Root Mean Squared Error (RMSE)
Explanation
RMSE is the square root of the mean squared error, and it provides a measure of the average magnitude of the differences between the predicted values and the actual values.
The expected value range of RMSE is between 0 and ∞, with 0 being a perfect prediction and higher values indicating worse predictions.
Example
We calculated MSE for this example to be 195,000.
Since RMSE is just the square root of MSE, we can compute it as follows:
RMSE = √(235000) = 484.77
This indicates that there is an average deviation of $484.77 of the predicted house prices from the actual house prices.
Root Mean Squared Percentage Error (RMSPE)
Explanation
RMSPE is the root mean squared percentage error, which is a measure of the accuracy of the model in terms of the percentage error between the predicted values and the actual values.
The expected value range of RMSPE is between 0 and 100%, with 0% being a perfect prediction and higher values indicating worse predictions.
Example
The formula for RMSPE is:
RMSPE = √(1/n) * ∑(|actual_value - predicted_value|/actual_value)^2
where n is the number of data points and actual_value and predicted_value are the actual and predicted house prices, respectively.

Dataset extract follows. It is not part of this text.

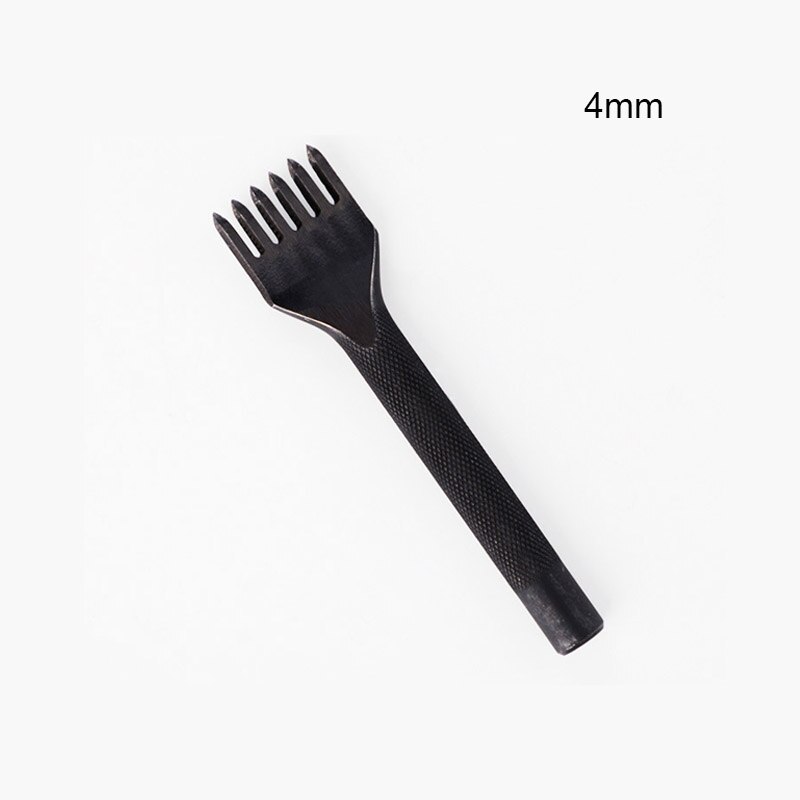 Perforadores de acero para cuero, herramientas de artesanía de 1, 2, 4, 6 puntas, cincel de punta de diamante, 3/4/5/6mm: 4mm 6 Prong 1pcs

- Calculate the absolute percentage residuals, i.e,
|actual_value - predicted_value|/actual_value
. This captures the percentage difference between what was predicted and what the actual value was. - Calculate the squared percentage residuals:
True House Prices | Predicted House Prices | Absolute Percentage Residuals | Squared Absolute Percentage Residuals |
---|---|---|---|
200,000 | 180,000 | 10% | 100% |
300,000 | 320,000 | ~ 6.67% | 44.44% |
250,000 | 260,000 | 4% | 16% |
350,000 | 375,000 | 7.14% | 50.97% |
400,000 | 390,000 | 2.5% | 6.25% |
450,000 | 460,000 | 2.22% | 4.93% |
250,000 | 260,000 | 4% | 16% |
150,000 | 145,000 | 3.33% | 11.09% |
100,000 | 110,000 | 10% | 100% |
200,000 | 220,000 | 10% | 100% |
Next, we sum the squared residuals and divide the result by the number of data points to get the mean squared absolute percentage error:
MSPE =
(100% + 44.44% + 16% + 50.97% + 6.25% + 4.93% + 16% + 11.09% + 100% + 100%) / 10 = 1.45%
Finally, we take the square root of the MSPE to get the RMSPE:
RMSPE =
√(1.45) = 1.20%
The RMSPE is 1.20%, which is the average deviation of the predicted house prices from the actual house prices in percentage terms. A lower RMSPE value indicates that the model is making more accurate predictions.